Task description: Copy every line of the data below exactly as given, except for the pictures.

[Captioned web image data]
######

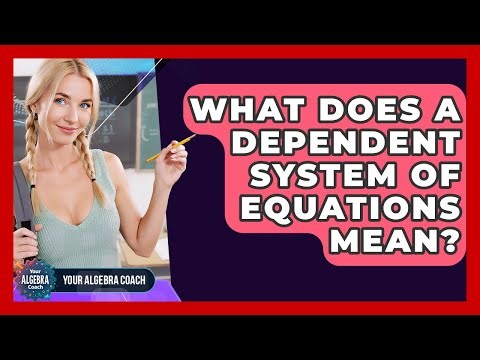 What Does A Dependent System Of Equations Mean? - Your Algebra Coach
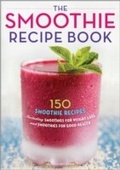 Cover: Smoothie Recipe Book - Callisto Media Inc.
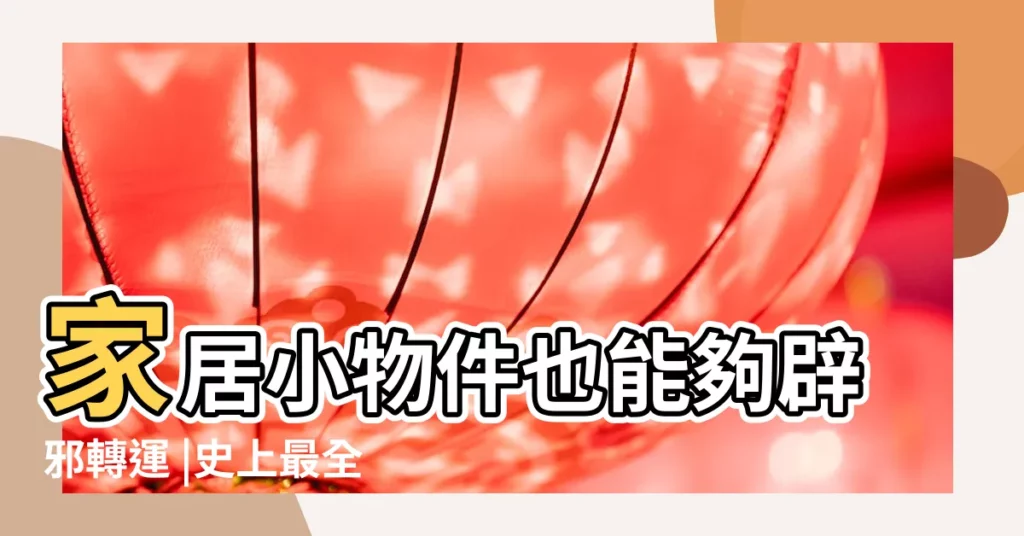 家居小物件也能夠辟邪轉運 |史上最全的 |鎮宅擋煞 |【招財辟邪物件】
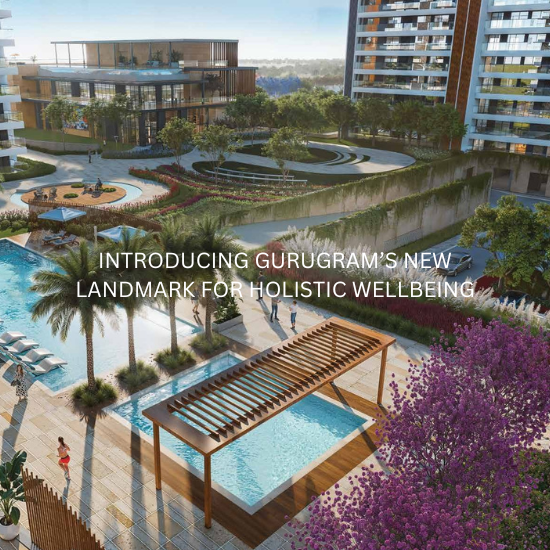 INTRODUCING GURUGRAM’S NEW LANDMARK FOR HOLISTIC WELLBEING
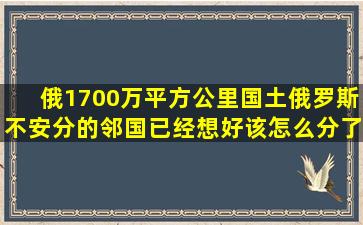 俄1700万平方公里国土,俄罗斯不安分的邻国,已经想好该怎么分了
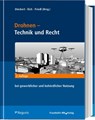 Drohnen - Betrieb, Recht, Technik - Ulrich Dieckert ; Stephan Eich ; Achim Friedl - 9783846211595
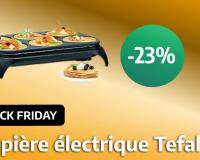 Black Friday : cette crêpière électrique Tefal est plus abordable que jamais, c’est le moment de s’équiper !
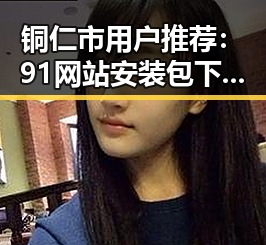 铜仁市用户推荐：91网站安装包下载指南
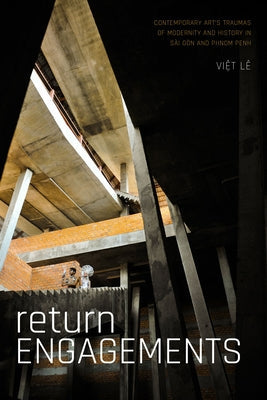 Return Engagements: Contemporary Art's Traumas of Modernity and History in Sài Gòn and Phnom Penh Paperback Duke University Press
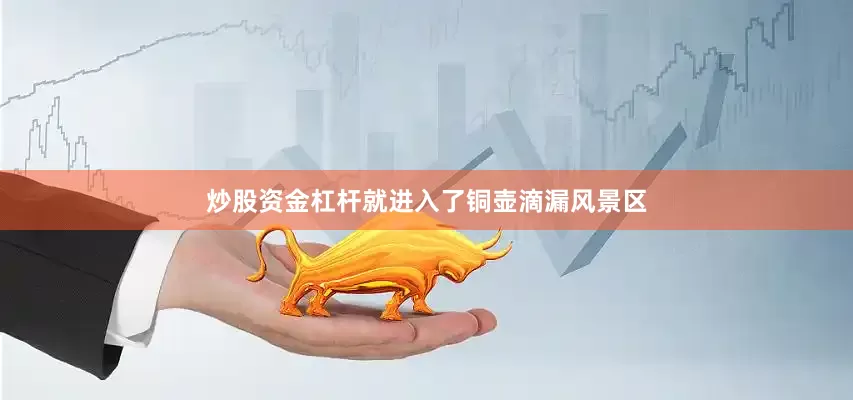 炒股资金杠杆就进入了铜壶滴漏风景区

######

Response box:
 What Does A Dependent System Of Equations Mean? - Your Algebra Coach
 Cover: Smoothie Recipe Book - Callisto Media Inc.
 家居小物件也能夠辟邪轉運 |史上最全的 |鎮宅擋煞 |【招財辟邪物件】
 INTRODUCING GURUGRAM’S NEW LANDMARK FOR HOLISTIC WELLBEING
 俄1700万平方公里国土,俄罗斯不安分的邻国,已经想好该怎么分了
 Drohnen - Betrieb, Recht, Technik - Ulrich Dieckert ; Stephan Eich ; Achim Friedl - 9783846211595
 Black Friday : cette crêpière électrique Tefal est plus abordable que jamais, c’est le moment de s’équiper !
 铜仁市用户推荐：91网站安装包下载指南
 Return Engagements: Contemporary Art's Traumas of Modernity and History in Sài Gòn and Phnom Penh Paperback Duke University Press
 炒股资金杠杆就进入了铜壶滴漏风景区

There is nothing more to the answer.